* **Task**:
Going line by line through the entries, count those containing "with" and state only the result.

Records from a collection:
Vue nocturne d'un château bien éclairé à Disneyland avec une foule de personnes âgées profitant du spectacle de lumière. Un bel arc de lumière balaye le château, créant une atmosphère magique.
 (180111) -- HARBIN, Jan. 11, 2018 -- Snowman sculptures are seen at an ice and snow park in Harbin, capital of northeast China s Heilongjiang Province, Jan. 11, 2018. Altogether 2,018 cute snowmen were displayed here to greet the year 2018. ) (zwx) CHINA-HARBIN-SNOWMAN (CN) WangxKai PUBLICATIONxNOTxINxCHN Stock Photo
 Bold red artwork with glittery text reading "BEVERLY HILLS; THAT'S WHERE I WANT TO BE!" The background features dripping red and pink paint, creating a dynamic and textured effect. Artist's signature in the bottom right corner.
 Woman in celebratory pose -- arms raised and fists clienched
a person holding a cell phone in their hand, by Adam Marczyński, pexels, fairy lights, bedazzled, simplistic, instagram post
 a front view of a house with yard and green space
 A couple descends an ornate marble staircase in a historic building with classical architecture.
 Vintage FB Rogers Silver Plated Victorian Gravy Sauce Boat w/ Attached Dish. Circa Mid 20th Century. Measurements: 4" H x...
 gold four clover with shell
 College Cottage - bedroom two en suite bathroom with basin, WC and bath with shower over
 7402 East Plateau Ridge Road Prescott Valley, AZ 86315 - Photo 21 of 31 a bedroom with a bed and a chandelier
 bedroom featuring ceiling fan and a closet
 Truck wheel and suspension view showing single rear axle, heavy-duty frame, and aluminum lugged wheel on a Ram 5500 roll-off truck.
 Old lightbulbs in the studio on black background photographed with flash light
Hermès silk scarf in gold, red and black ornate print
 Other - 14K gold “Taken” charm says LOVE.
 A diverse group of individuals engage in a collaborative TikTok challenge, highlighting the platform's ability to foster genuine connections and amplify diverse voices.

* **Solution to the problem**:
7